MMSF: Multitask and Multimodal Supervised Framework for WSI Classification and Survival Analysis
This work addresses the problem of improving cancer diagnosis and prognosis for patients by integrating heterogeneous data in computational pathology, representing a strong specific gain with incremental methodological advancements.
The paper tackles the challenge of integrating multimodal data (whole slide images and clinical descriptors) for computational pathology by introducing MMSF, a multitask and multimodal supervised framework, which achieves accuracy and AUC improvements of 2.1–6.6% and 2.2–6.9% on classification tasks and C-index improvements of 7.1–9.8% on survival analysis compared to baselines.

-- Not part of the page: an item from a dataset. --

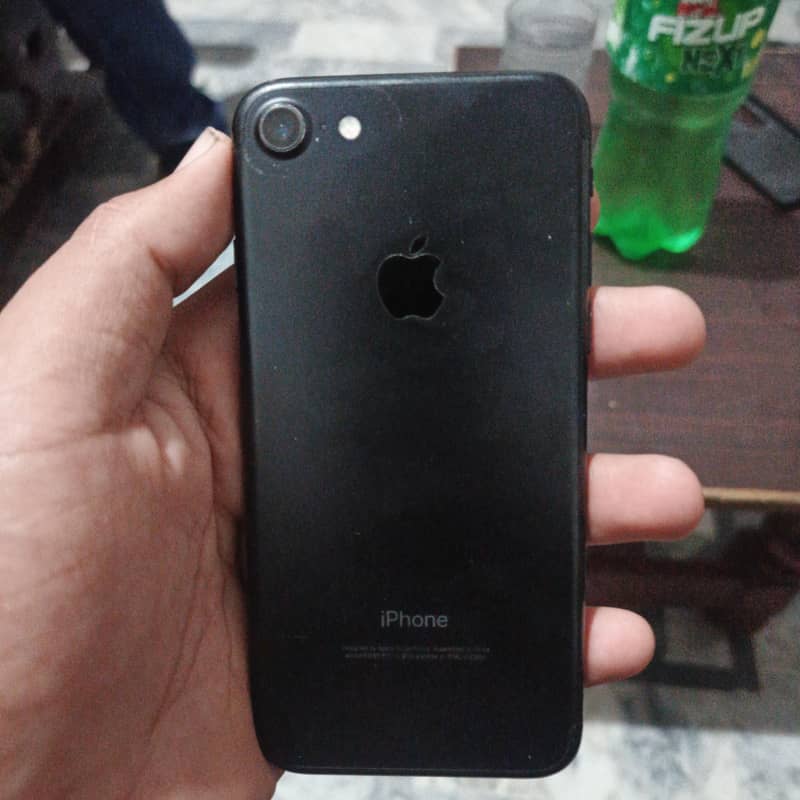 Apple iPhone 7 0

Multimodal evidence is critical in computational pathology: gigapixel whole slide images capture tumor morphology, while patient-level clinical descriptors preserve complementary context for prognosis. Integrating such heterogeneous signals remains challenging because feature spaces exhibit distinct statistics and scales. We introduce MMSF, a multitask and multimodal supervised framework built on a linear-complexity MIL backbone that explicitly decomposes and fuses cross-modal information. MMSF comprises a graph feature extraction module embedding tissue topology at the patch level, a clinical data embedding module standardizing patient attributes, a feature fusion module aligning modality-shared and modality-specific representations, and a Mamba-based MIL encoder with multitask prediction heads. Experiments on CAMELYON16 and TCGA-NSCLC demonstrate 2.1--6.6\% accuracy and 2.2--6.9\% AUC improvements over competitive baselines, while evaluations on five TCGA survival cohorts yield 7.1--9.8\% C-index improvements compared with unimodal methods and 5.6--7.1\% over multimodal alternatives.